Ce livre se proposant à la fois comme une anthologie et un manuel, vous retracez thématiquement les exercices spirituels à travers les auteurs de toute époque. On y découvre que cet aspect de la philosophie a toujours trouvé sa voix. Pourtant, nous pouvons remarquer une scission forte entre la philosophie comme mode de vie et la recherche universitaire. Quelles raisons observez-vous à cette tendance moins forte à la conception de la philosophie comme mode de vie et l’apparente dissipation des exercices spirituels dans la philosophie contemporaine ?

On note de manière assez claire en quoi, comment et quand la notion intellectuelle et conceptuelle qui a été portée par la philosophie se dissocie de la pratique, c’est à peu près au Moyen-Âge et au sein des institutions religieuses. A cette époque-là nous constatons que l’exercice de pensée et de réflexion, d’intellectualisation de la philosophie, associée à la religion, va d’une certaine manière confisquer la pratique. Cela ne signifie pas qu’il n’y a plus de pratique, notamment dans la religion, mais la pratique spirituelle de la religion va proposer un mode de vie exclu du monde, un mode de vie religieux différent du mode de vie quotidien. Dès lors la question du « comment vivre ? » va prendre une coloration tout à fait différente car la réponse devra nécessairement être associée à Dieu. Cette philosophie, enseignée à partir du Moyen-Âge et continuant pendant des siècles, va progressivement se détacher de la question du monde pratique ou quotidien. Nous en avons aujourd’hui les effets, par exemple avec la présence de la philosophie exclusivement à l’Université, c’est à dire le lieu contrôlé par la religion et qui avait fait de la discipline une activité essentiellement intellectuelle.

Cette dimension théorico-pratique importante est ce qui m’a intéressé dans la philosophie comme je l’ai dit précédemment, à savoir cette articulation déjà présente d’une certaine manière dans l’ouvrage de Diogène Laërce entre theoria et praxis.

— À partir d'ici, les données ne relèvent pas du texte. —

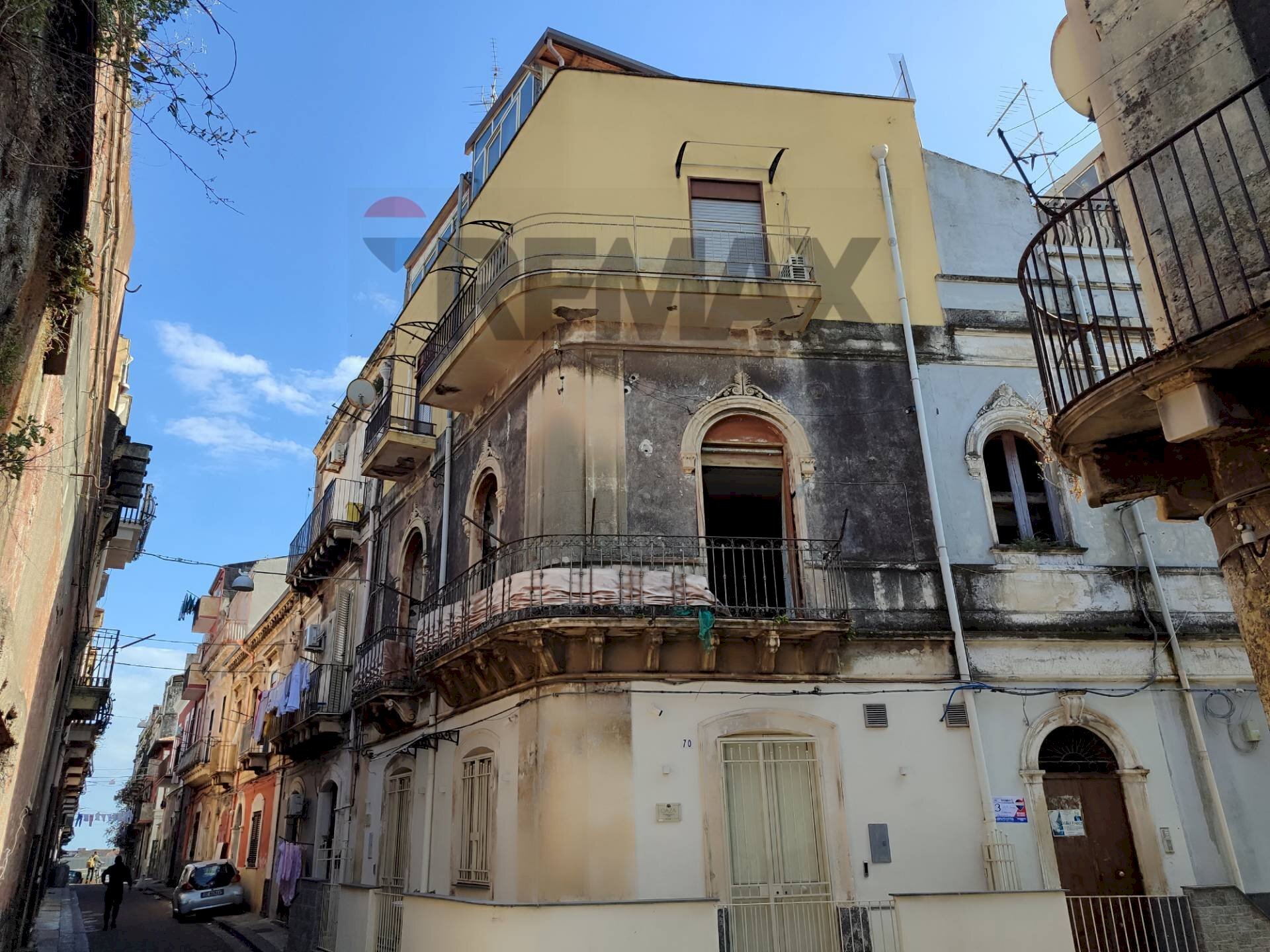Edificio all\'aperto - Four-room apartment via ortolani
 
68, Catania - photo 1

Il faut essayer de mettre en perspective dans la pratique ce que l’on peut apprendre. Si c’est la pratique qui est la plus importante, puisqu’in fine l’objectif est de vivre le moins mal possible, nous avons aussi besoin de théorie, de discours. Cette réflexion se porte à l’Université, il n’y a aucun doute là-dessus. Néanmoins, il y a un manque de réalité pratique.

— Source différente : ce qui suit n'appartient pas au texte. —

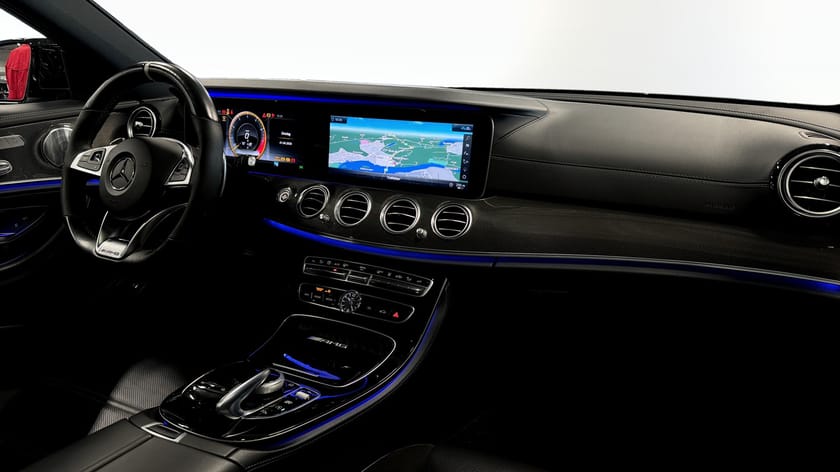 Bild 3 av Mercedes-Benz AMG E 63 S T 4MATIC+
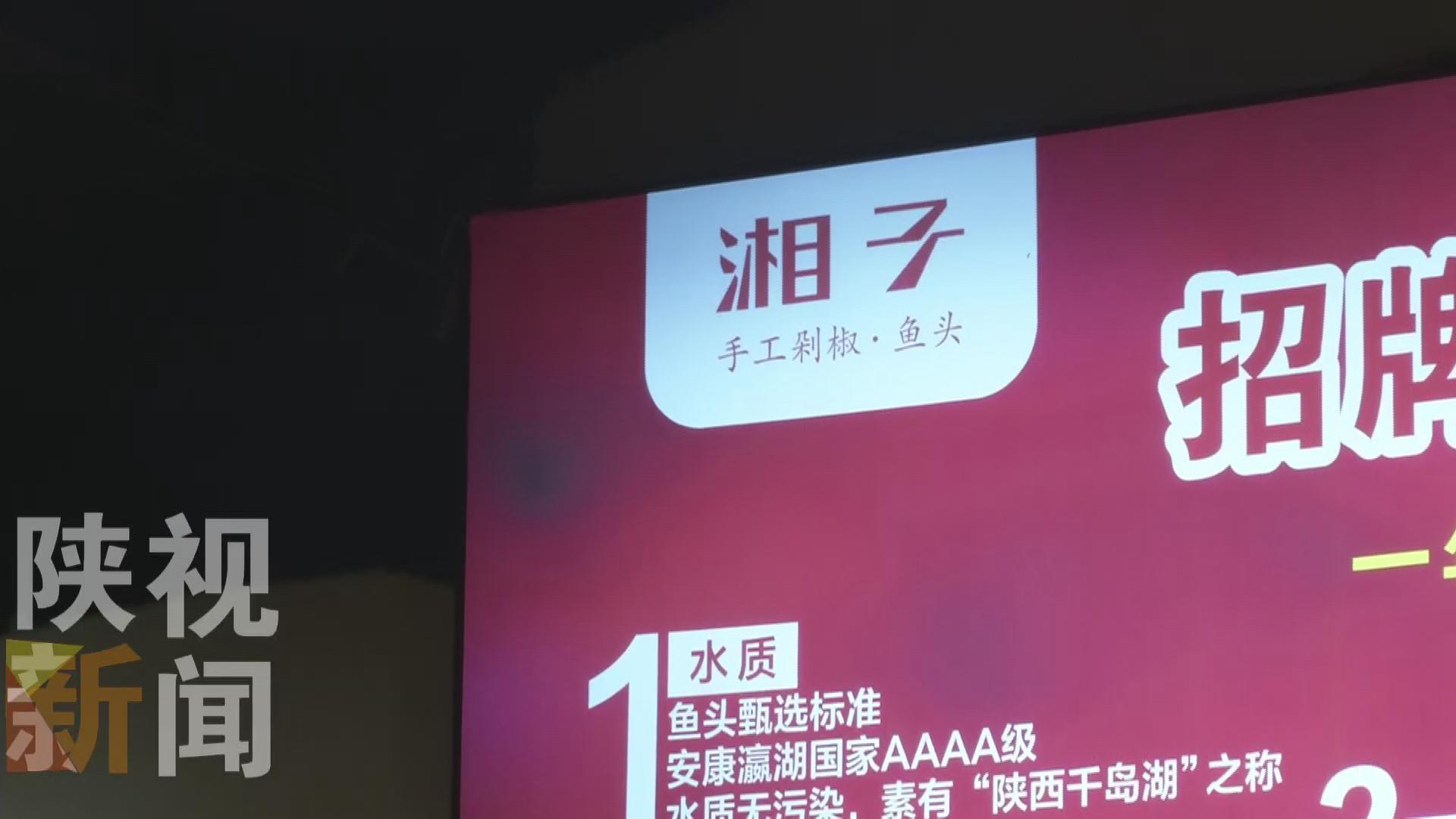 恶心到吐！西安一女士点外卖快吃完时才发现米饭内粘有不明弯曲毛发……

Par ailleurs, on assiste, encore plus depuis une dizaine d’années, au développement d’une philosophie dite « pratique », celle-ci a une approche que très distancée vis à vis des propositions et même des connaissances théoriques pourtant nécessaires. La philosophie est une discipline complexe à la fois dans sa compréhension, dans ses textes, que dans le labeur que cette compréhension réclame, et sans cela, il n’y a pas de philosophie. Mais il n’y a pas non plus de philosophie sans une mise en œuvre pratique, cet aller-retour théorie et pratique ne se retrouve dans aucune autre discipline. La théôria et la praxis sont l’avers et le revers d’une même pièce en philosophie. La philosophie est la seule discipline qui va mêler aussi massivement les notions de théorie et de pratique, même si in fine, comme je l’ai dit, c’est la pratique qui est la plus importante. Pour reprendre la réponse à la question, on a une réponse historique, dont nous connaissons aujourd’hui les effets, à l’Université comme au lycée. La classe de Terminale est construite de sorte qu’il n’y a que très peu de marge pour la pratique philosophique à partir des textes que l’on peut étudier. On a peut-être besoin de revenir à cela : Pierre Hadot qui est maintenant connu, reconnu et même parfois adulé par le grand public pour ses écrits sur les exercices spirituels, avait du mal, comme il le dit lui-même, sur la pratique, à les mettre en œuvre. Mais il essayait, car il était tellement proche de cette problématique qu’il n’avait pas la possibilité de faire autre chose que de tenter à s’exercer à cela.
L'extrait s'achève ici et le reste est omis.